• Exercise objective
The listing below should be written out word for word, with its pictures removed.

• Dataset extract
==============================
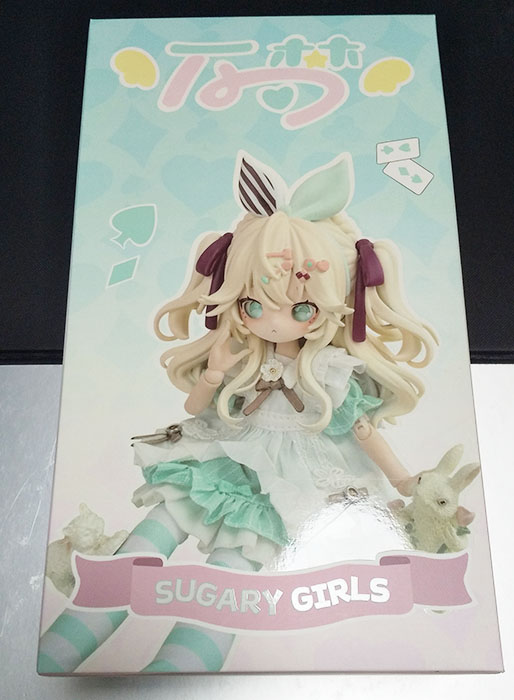 ONEMORE x 上倉エク「Sugary Girls：スイーツパーティー」〜 : 冷やし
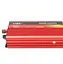 Преобразователь постоянного тока 4000W UCK-4000W AC/DC инвертор для автомобиля 12В-220В - миниатюра 2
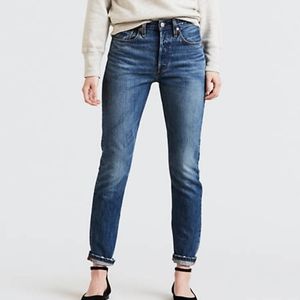 Levi's 501 Skinny Jeans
==============================
• Written solution
 ONEMORE x 上倉エク「Sugary Girls：スイーツパーティー」〜 : 冷やし
 Преобразователь постоянного тока 4000W UCK-4000W AC/DC инвертор для автомобиля 12В-220В - миниатюра 2
 Levi's 501 Skinny Jeans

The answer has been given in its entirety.